__TASK BRIEF__
Take every line from the entries below that includes the word "Casa" and copy it.

__INFORMATION PROVIDED__
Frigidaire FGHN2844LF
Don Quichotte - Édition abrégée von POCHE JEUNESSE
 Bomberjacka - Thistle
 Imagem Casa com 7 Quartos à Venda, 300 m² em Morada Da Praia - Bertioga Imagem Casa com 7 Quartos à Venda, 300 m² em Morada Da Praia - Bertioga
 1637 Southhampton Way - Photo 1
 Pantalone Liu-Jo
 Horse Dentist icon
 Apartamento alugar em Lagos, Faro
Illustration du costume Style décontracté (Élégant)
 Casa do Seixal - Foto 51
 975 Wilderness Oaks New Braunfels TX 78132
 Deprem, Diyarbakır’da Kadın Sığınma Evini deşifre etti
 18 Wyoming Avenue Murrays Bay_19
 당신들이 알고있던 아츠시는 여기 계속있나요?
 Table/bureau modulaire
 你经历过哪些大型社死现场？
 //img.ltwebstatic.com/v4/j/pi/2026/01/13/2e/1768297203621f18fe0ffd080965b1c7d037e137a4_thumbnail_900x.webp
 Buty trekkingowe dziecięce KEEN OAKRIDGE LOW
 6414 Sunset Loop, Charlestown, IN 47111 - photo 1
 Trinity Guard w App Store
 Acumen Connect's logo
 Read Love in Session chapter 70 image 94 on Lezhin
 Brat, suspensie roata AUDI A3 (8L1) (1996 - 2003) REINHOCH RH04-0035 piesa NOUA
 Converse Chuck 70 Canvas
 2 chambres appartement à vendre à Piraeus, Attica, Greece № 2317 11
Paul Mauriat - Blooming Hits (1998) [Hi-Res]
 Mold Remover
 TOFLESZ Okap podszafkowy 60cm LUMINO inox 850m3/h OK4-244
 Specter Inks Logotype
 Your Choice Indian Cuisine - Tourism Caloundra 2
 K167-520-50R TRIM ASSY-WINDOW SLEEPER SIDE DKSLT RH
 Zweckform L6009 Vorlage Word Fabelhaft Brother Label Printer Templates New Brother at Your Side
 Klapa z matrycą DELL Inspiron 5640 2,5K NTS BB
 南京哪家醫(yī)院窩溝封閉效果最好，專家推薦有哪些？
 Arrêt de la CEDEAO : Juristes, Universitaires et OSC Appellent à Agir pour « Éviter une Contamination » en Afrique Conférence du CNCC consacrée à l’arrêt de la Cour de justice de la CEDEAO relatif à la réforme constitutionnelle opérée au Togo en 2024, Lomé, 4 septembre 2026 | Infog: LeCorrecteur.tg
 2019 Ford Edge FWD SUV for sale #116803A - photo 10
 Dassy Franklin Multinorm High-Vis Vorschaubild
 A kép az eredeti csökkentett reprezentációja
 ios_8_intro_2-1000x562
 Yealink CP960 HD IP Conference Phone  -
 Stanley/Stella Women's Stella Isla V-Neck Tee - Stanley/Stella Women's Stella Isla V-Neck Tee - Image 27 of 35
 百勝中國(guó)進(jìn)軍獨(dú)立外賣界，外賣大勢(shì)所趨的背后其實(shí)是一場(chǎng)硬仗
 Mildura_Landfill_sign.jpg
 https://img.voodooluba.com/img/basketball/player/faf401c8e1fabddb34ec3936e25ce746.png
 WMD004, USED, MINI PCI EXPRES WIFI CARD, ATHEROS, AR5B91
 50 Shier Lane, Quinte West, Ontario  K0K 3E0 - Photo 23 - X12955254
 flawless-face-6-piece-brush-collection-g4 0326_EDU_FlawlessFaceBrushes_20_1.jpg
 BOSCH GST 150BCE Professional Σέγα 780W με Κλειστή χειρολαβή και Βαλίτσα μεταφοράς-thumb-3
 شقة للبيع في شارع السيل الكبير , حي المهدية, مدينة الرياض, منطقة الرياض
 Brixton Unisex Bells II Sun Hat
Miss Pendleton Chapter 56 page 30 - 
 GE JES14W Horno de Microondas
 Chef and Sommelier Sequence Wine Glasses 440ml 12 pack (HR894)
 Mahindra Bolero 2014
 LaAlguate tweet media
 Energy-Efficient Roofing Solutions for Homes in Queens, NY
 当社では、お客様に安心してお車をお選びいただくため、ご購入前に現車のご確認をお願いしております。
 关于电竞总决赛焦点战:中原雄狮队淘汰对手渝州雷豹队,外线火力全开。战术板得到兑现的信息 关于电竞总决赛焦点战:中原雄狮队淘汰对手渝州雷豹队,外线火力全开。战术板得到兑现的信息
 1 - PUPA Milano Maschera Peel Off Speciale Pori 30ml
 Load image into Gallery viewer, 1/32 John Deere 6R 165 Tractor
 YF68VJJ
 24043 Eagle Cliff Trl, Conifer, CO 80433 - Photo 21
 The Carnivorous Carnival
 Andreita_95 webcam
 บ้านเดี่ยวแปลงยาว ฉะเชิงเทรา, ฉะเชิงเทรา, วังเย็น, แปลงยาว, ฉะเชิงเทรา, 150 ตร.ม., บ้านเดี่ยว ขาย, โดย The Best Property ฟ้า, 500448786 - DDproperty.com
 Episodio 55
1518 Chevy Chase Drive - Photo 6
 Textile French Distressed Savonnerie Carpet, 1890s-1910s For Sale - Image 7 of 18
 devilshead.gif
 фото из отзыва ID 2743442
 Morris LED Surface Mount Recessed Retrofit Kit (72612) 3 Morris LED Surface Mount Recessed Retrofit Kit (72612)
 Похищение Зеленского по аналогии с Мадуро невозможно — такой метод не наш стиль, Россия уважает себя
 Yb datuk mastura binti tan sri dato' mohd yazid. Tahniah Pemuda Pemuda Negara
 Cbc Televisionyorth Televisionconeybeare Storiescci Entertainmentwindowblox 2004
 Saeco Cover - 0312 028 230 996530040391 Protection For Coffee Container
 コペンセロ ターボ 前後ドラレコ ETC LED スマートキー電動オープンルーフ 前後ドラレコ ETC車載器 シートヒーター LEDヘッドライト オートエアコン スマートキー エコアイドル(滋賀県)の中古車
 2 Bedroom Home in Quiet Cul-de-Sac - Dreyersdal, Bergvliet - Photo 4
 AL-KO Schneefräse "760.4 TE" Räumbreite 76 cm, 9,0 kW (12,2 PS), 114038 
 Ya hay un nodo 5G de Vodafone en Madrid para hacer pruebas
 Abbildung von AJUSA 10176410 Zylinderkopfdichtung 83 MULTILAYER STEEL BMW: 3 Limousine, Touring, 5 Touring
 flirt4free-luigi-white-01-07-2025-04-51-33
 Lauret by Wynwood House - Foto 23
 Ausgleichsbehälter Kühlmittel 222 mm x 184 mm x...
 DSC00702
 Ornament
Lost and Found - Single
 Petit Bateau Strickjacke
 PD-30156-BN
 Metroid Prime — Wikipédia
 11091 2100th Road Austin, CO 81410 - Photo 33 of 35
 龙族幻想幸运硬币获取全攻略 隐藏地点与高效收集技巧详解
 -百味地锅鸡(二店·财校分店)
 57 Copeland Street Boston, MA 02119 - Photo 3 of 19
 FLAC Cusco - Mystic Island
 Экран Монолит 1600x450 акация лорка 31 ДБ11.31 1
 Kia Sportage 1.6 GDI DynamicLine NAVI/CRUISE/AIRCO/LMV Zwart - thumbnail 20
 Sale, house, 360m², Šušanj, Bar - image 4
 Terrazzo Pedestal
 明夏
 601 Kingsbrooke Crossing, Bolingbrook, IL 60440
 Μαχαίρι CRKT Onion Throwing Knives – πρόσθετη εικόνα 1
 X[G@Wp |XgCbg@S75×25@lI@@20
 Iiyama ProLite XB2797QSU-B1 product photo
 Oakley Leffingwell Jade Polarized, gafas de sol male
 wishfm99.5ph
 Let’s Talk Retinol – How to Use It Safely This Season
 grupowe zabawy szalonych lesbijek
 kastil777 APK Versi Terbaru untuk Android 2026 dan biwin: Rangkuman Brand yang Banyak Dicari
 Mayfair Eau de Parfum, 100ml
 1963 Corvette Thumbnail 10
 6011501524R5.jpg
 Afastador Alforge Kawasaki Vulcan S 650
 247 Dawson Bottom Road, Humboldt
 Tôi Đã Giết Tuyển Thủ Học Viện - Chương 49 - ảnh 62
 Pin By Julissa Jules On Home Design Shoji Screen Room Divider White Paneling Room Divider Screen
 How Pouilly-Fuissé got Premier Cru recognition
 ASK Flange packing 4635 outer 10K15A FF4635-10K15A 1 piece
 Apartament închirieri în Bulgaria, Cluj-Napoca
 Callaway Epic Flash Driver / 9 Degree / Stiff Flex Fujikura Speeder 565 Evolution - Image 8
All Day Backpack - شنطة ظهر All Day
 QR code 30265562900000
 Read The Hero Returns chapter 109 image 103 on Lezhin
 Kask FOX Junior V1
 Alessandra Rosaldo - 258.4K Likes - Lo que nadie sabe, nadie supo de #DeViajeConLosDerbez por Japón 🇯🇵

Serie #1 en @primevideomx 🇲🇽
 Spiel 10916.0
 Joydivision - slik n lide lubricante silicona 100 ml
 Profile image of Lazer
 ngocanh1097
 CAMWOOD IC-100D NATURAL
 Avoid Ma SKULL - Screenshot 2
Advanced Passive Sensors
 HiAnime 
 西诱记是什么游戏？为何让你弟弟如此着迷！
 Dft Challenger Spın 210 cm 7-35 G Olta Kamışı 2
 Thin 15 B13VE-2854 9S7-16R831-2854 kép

__WRITTEN SOLUTION__
 Imagem Casa com 7 Quartos à Venda, 300 m² em Morada Da Praia - Bertioga Imagem Casa com 7 Quartos à Venda, 300 m² em Morada Da Praia - Bertioga
 Casa do Seixal - Foto 51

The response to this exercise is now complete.